* [DATA UNDER STUDY]
****************************************

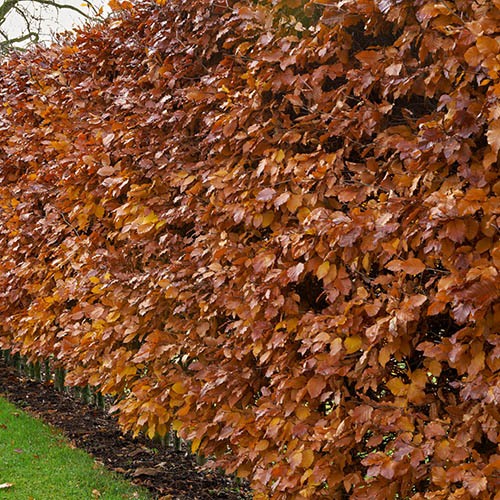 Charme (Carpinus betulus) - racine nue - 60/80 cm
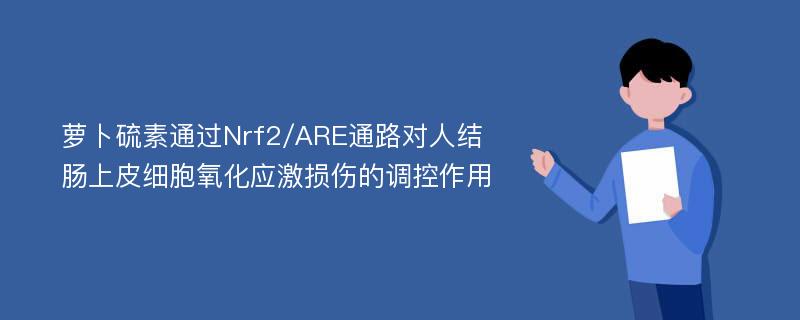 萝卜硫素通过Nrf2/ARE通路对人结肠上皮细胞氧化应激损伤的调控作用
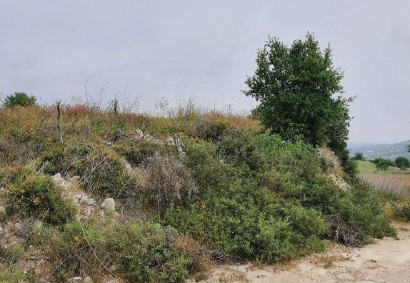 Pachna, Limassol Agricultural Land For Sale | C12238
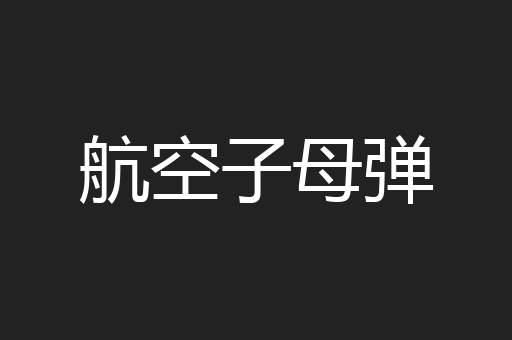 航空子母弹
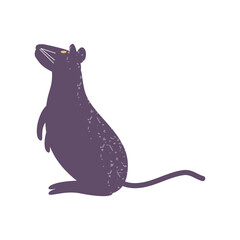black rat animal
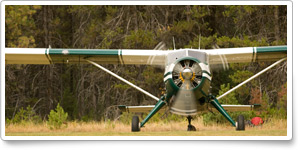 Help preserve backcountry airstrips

****************************************

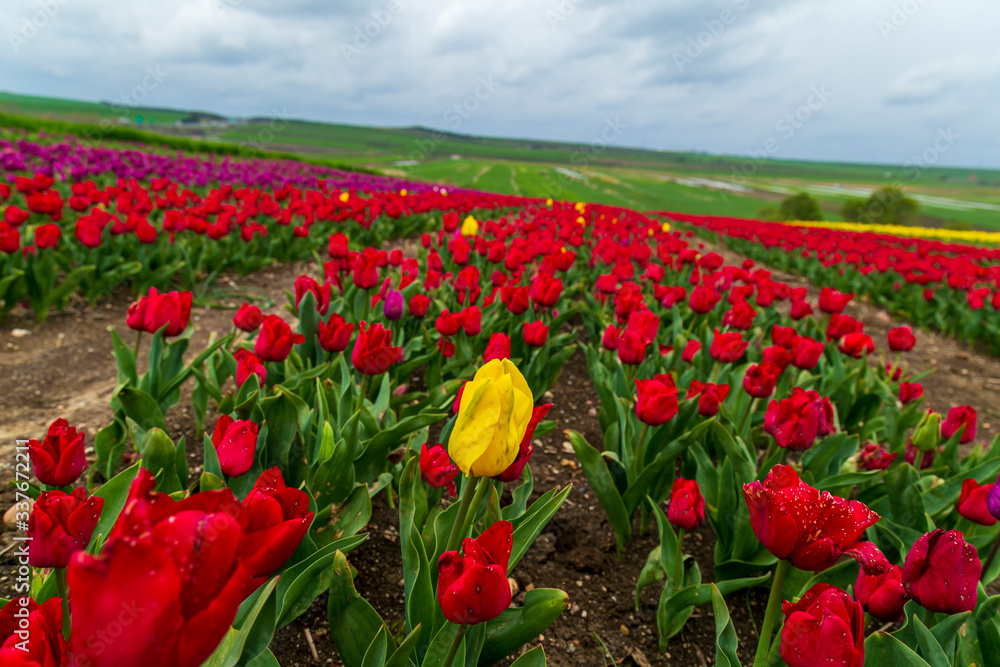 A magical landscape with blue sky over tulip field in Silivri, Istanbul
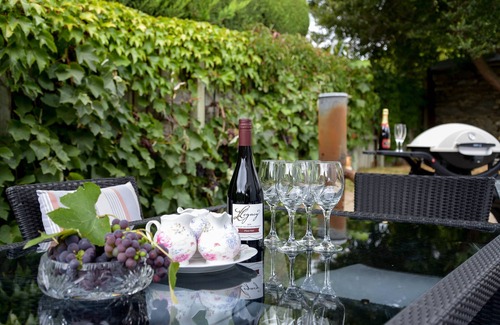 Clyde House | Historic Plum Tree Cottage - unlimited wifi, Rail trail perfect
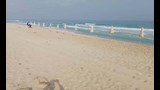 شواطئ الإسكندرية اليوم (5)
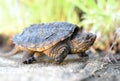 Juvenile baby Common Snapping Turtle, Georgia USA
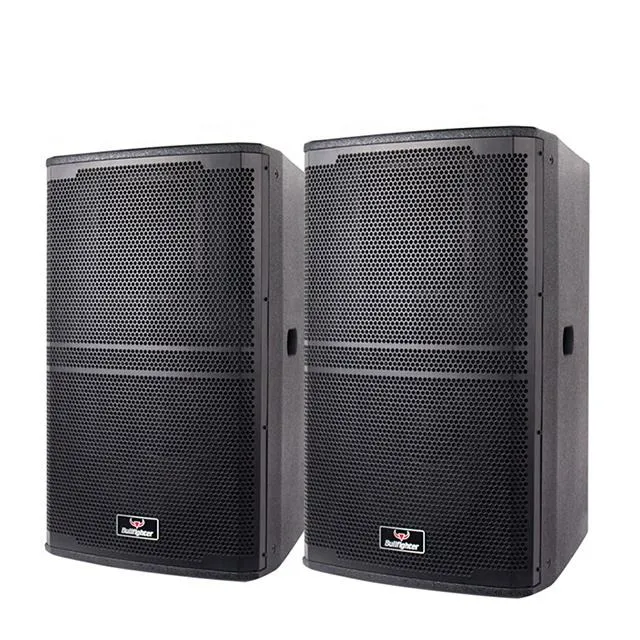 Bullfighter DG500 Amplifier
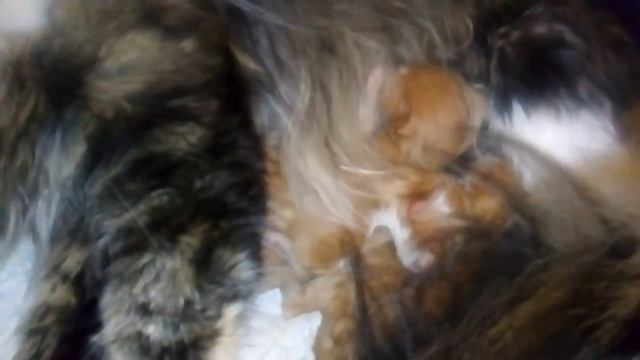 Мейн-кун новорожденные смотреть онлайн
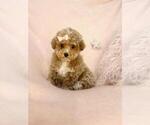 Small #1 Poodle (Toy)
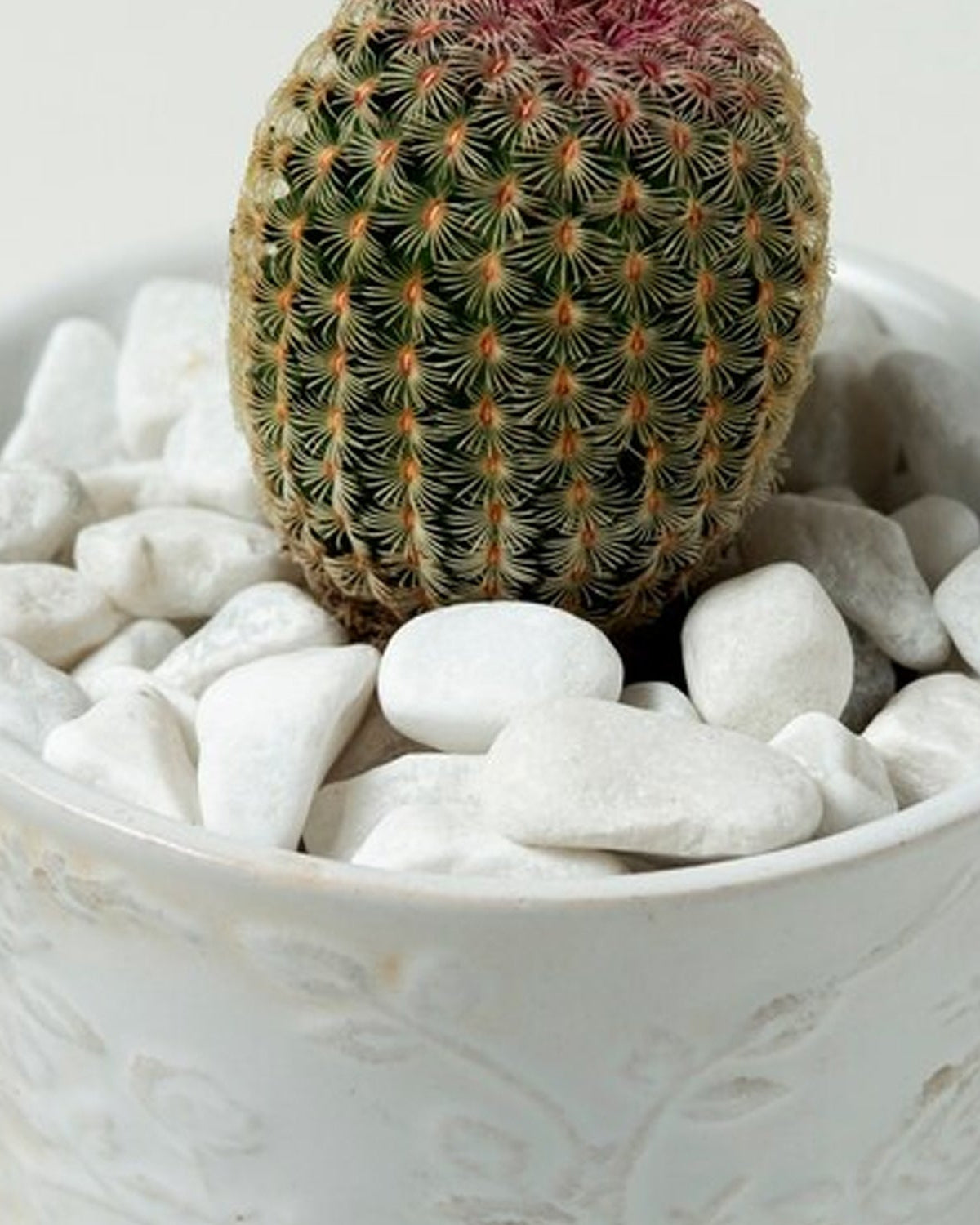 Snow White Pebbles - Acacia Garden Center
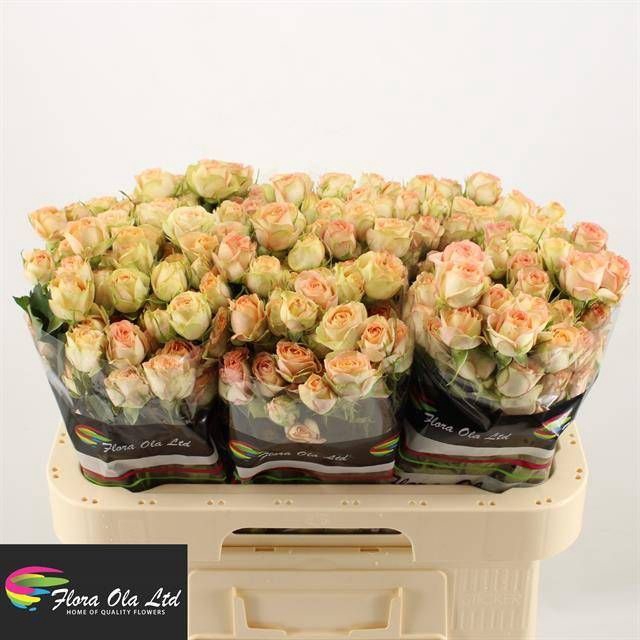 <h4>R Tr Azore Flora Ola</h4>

****************************************

Look above for the line with "Juvenile baby Common", then give again exactly every line from there through the line with "<h4>R Tr Azore Flora Ola</h4>", skipping the pictures.

 Juvenile baby Common Snapping Turtle, Georgia USA
 Bullfighter DG500 Amplifier
 Мейн-кун новорожденные смотреть онлайн
 Small #1 Poodle (Toy)
 Snow White Pebbles - Acacia Garden Center
 <h4>R Tr Azore Flora Ola</h4>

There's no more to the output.